▸ PROBLEM DESCRIPTION:
In the data below, find the line that contains "Stormy Shark standing" and the line that contains "Eine Reihe von". Copy both, plus every line between them, exactly.

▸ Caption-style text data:
■ ■ ■ ■ ■ ■ ■

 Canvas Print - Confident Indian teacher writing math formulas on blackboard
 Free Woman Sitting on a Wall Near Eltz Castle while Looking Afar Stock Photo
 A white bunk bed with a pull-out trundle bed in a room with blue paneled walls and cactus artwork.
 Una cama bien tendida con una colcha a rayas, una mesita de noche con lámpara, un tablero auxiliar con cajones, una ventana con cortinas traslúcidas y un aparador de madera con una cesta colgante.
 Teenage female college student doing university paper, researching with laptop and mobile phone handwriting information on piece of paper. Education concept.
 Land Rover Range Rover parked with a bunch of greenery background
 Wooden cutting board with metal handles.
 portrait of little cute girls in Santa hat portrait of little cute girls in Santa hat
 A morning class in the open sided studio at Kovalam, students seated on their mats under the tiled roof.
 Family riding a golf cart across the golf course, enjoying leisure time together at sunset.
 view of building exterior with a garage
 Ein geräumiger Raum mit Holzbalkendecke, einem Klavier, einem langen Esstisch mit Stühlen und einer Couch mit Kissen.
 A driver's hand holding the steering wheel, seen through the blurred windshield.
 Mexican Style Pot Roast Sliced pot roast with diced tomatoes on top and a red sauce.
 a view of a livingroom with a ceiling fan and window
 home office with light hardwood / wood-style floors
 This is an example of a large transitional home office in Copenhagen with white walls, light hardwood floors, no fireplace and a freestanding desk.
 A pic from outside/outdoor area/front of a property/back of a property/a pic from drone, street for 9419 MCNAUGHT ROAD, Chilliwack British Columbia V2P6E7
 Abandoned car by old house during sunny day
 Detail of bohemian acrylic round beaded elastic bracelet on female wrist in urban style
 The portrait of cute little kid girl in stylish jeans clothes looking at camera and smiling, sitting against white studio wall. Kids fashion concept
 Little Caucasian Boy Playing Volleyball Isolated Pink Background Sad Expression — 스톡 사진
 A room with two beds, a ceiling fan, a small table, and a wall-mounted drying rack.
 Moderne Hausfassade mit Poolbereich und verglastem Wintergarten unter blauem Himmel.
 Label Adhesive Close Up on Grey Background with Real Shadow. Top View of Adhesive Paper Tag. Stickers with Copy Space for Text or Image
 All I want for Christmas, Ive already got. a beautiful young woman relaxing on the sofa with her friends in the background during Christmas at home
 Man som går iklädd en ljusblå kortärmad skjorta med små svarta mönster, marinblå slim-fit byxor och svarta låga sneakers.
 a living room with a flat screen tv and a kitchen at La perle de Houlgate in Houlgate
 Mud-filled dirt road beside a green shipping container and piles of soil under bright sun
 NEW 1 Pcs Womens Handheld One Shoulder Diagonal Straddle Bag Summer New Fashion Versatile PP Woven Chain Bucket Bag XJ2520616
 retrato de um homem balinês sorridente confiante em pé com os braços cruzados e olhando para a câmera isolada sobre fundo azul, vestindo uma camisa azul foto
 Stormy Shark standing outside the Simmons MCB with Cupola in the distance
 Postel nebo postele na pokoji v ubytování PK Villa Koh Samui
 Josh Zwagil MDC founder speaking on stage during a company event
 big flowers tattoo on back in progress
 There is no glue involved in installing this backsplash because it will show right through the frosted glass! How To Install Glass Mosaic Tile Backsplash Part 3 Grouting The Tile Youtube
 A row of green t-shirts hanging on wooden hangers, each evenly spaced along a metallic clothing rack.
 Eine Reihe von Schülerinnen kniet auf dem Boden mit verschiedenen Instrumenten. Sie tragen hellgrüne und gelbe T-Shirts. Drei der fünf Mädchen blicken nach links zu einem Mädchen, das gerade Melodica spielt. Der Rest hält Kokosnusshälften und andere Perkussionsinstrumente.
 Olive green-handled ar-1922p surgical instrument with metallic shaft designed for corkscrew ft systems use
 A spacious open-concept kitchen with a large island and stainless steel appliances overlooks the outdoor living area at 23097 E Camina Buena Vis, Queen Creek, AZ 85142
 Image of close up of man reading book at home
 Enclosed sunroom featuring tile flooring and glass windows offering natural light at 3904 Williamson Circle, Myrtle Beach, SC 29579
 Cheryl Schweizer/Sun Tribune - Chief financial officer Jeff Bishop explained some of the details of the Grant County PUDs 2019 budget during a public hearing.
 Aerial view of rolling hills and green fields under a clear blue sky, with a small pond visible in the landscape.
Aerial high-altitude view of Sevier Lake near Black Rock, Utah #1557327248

■ ■ ■ ■ ■ ■ ■

▸ YOUR RESPONSE:
 Stormy Shark standing outside the Simmons MCB with Cupola in the distance
 Postel nebo postele na pokoji v ubytování PK Villa Koh Samui
 Josh Zwagil MDC founder speaking on stage during a company event
 big flowers tattoo on back in progress
 There is no glue involved in installing this backsplash because it will show right through the frosted glass! How To Install Glass Mosaic Tile Backsplash Part 3 Grouting The Tile Youtube
 A row of green t-shirts hanging on wooden hangers, each evenly spaced along a metallic clothing rack.
 Eine Reihe von Schülerinnen kniet auf dem Boden mit verschiedenen Instrumenten. Sie tragen hellgrüne und gelbe T-Shirts. Drei der fünf Mädchen blicken nach links zu einem Mädchen, das gerade Melodica spielt. Der Rest hält Kokosnusshälften und andere Perkussionsinstrumente.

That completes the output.